Minimal Polynomial-Kernel Feature Basis

• Minimal polynomial-kernel feature basis is a compact set of feature vectors that exactly spans the native Hilbert space of a fixed-degree polynomial kernel.
• Deterministic and randomized constructions, via fundamental systems and Maclaurin expansions, ensure full kernel expressiveness with minimal computational and storage overhead.
• The methodologies offer strong theoretical guarantees and have demonstrated empirical efficiency in scalable kernel classification and kernelized attention applications.

A minimal polynomial-kernel feature basis is a compact and theoretically optimal set of feature vectors that exactly spans the native Hilbert space associated with a polynomial kernel of fixed degree.

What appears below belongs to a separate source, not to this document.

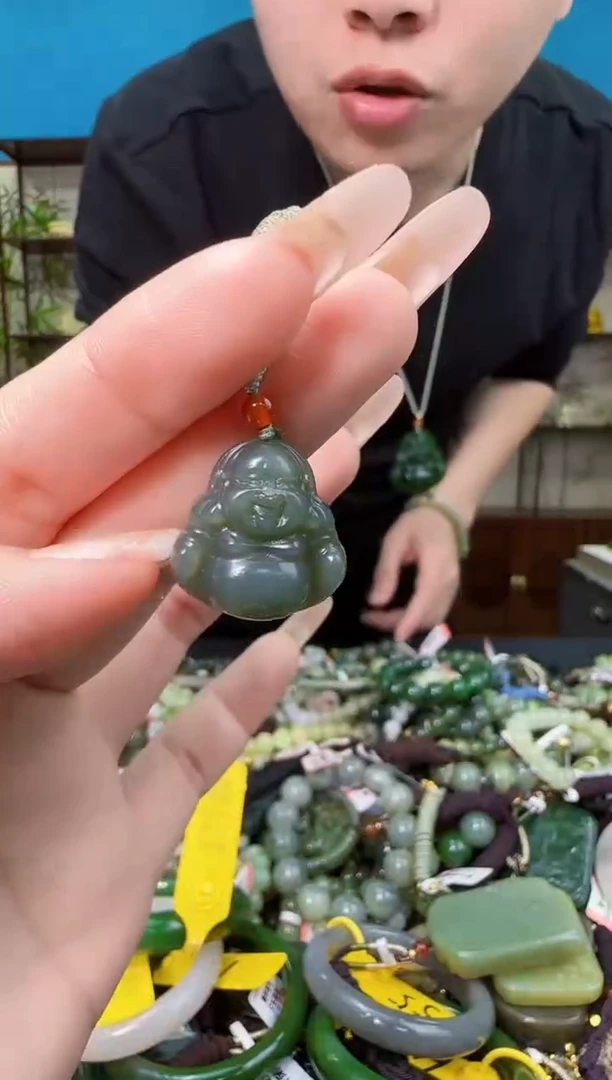 颈饰未镶嵌和田玉多样性发一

This concept underpins recent advances in both scalable kernel classification and kernelized attention, ensuring that the full expressive power of the polynomial kernel is available with drastically reduced storage and computational requirements by careful basis selection or randomization scheme. Key developments include deterministic constructions via fundamental systems and random Maclaurin features certified by harmonic analysis results such as Schoenberg's theorem.

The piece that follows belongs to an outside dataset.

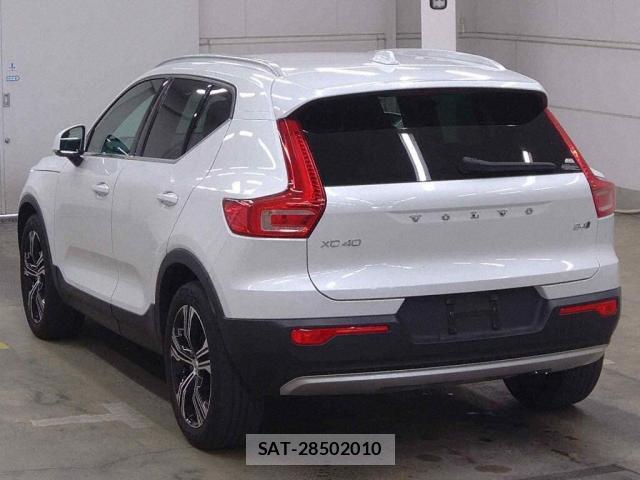 Volvo XC40 2021-07 8330092-4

1. Polynomial Kernels and Their Native Feature Spaces

Given $d$-dimensional inputs $x, x' \in \mathbb{R}^d$ and a fixed integer $s \geq 1$, the $s$-th degree polynomial kernel is defined by

$K_s(x, x') = (1 + x \cdot x')^s,$

where $x \cdot x'$ denotes the standard Euclidean dot product. The native reproducing-kernel Hilbert space (RKHS) for $K_s$ is the set of real polynomials of total degree at most $s$:

$$\mathcal{H}_s = \{p(x) : p\text{ is a polynomial of degree }\leq s\}.$$

The dimension of $\mathcal{H}_s$ is

$n = \dim \mathcal{H}_s = \binom{s + d}{s},$

which is finite for any $s, d$ (Zeng et al., 2019).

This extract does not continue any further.